SUPPLIED DATA Start Marker

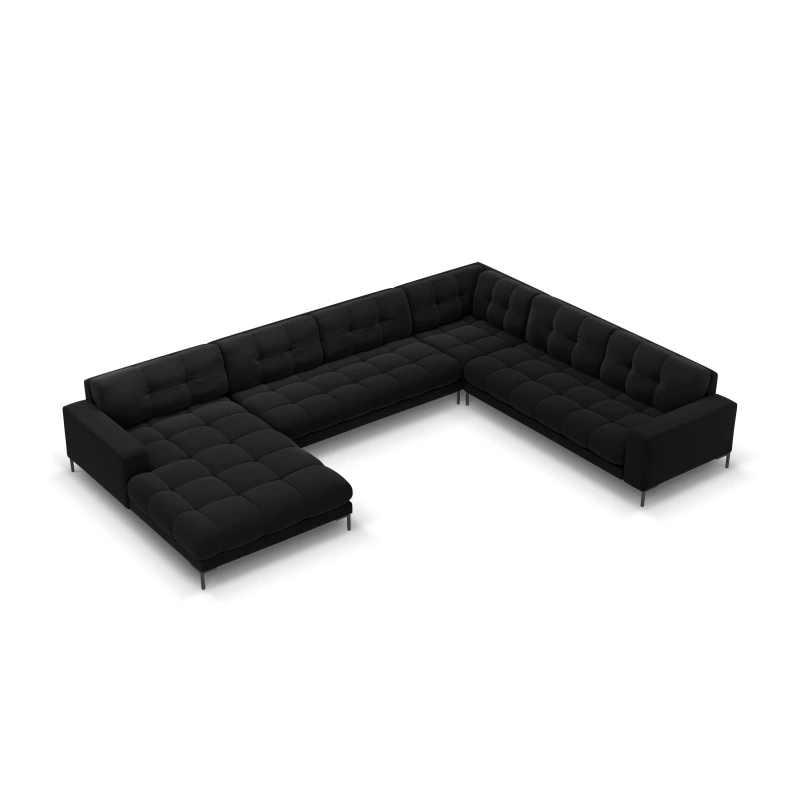 Sofa aksamitna panoramiczna 7 osobowa Bali Cosmopolitan Design Sofa aksamitna panoramiczna 7 osobowa Bali Cosmopolitan Design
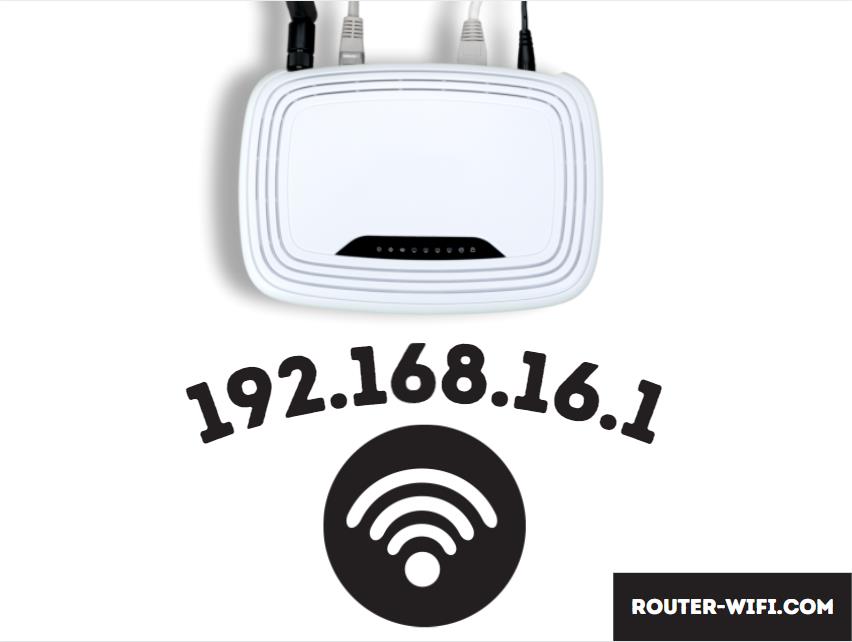 login router wifi 192168161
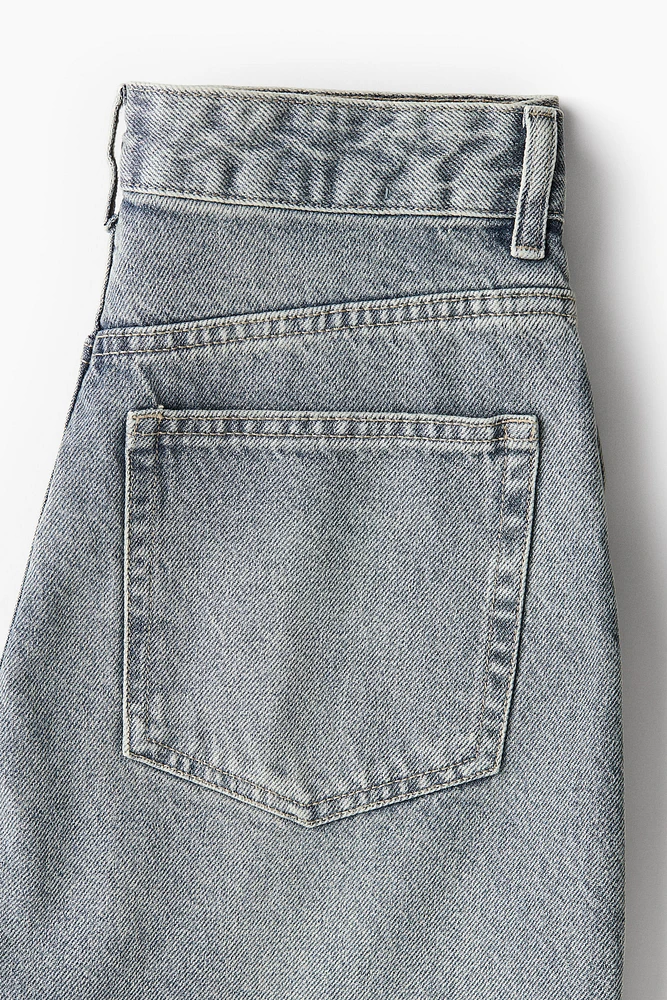Wide-cut Jeans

SUPPLIED DATA End Marker

Please print all the data above word for word. Pictures should not appear in the copy.

▶ [TASK SOLUTION]:
 Sofa aksamitna panoramiczna 7 osobowa Bali Cosmopolitan Design Sofa aksamitna panoramiczna 7 osobowa Bali Cosmopolitan Design
 login router wifi 192168161
Wide-cut Jeans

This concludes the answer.